> Work task: An exact transcription of all the data is required; the pictures are to be left out.

> Source material:

--------

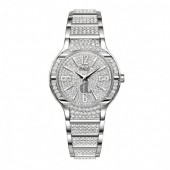 Piaget Polo Diamond Pave Ladies Quartz Replica Watch GOA36234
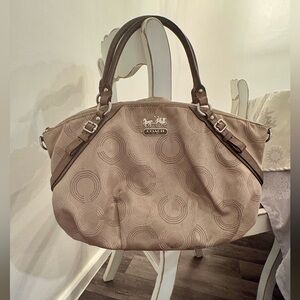 Large Coach Madison bag purse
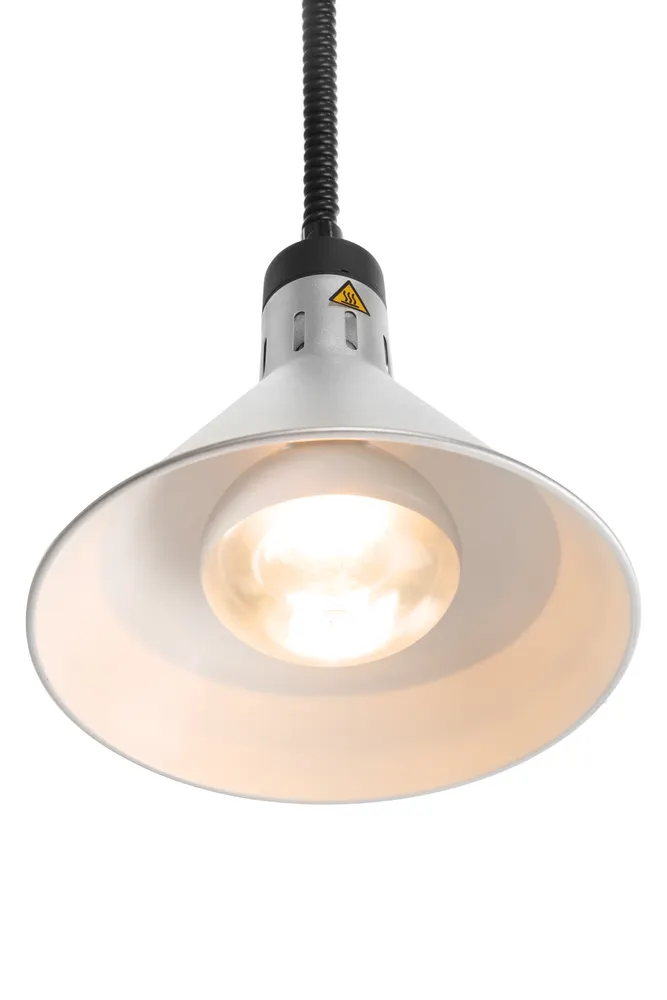 Vis Rise and fall heat lamp, conical, HENDI, Silver, 230V/375W, ⌀275x(H)250mm, bilde 4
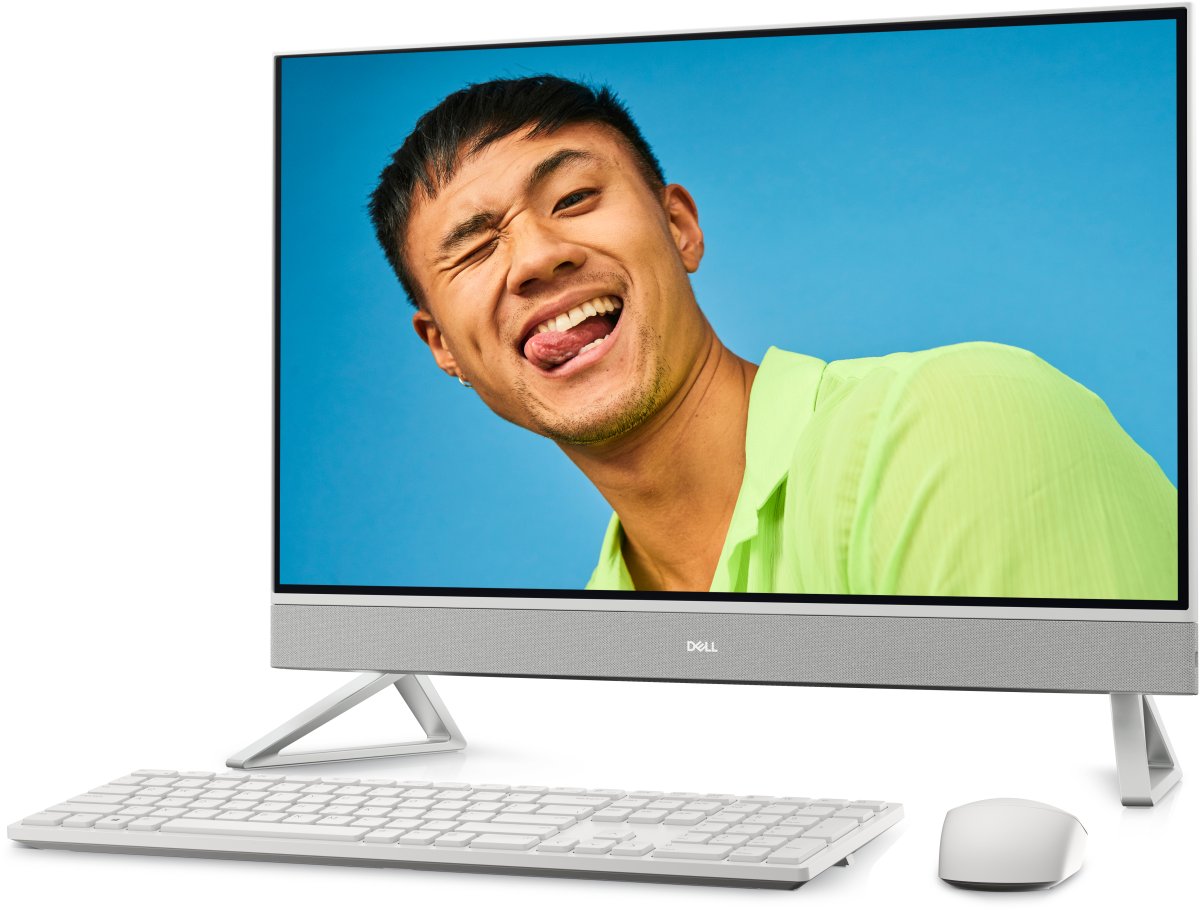 Dell Inspiron 27 7000 Series All-in-One Touchscreen Desktop - 12th Gen Intel Core i7-1255U - GeForce MX550 - 1080p - Win - imagen 2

--------

> Exercise output:
 Piaget Polo Diamond Pave Ladies Quartz Replica Watch GOA36234
 Large Coach Madison bag purse
 Vis Rise and fall heat lamp, conical, HENDI, Silver, 230V/375W, ⌀275x(H)250mm, bilde 4
 Dell Inspiron 27 7000 Series All-in-One Touchscreen Desktop - 12th Gen Intel Core i7-1255U - GeForce MX550 - 1080p - Win - imagen 2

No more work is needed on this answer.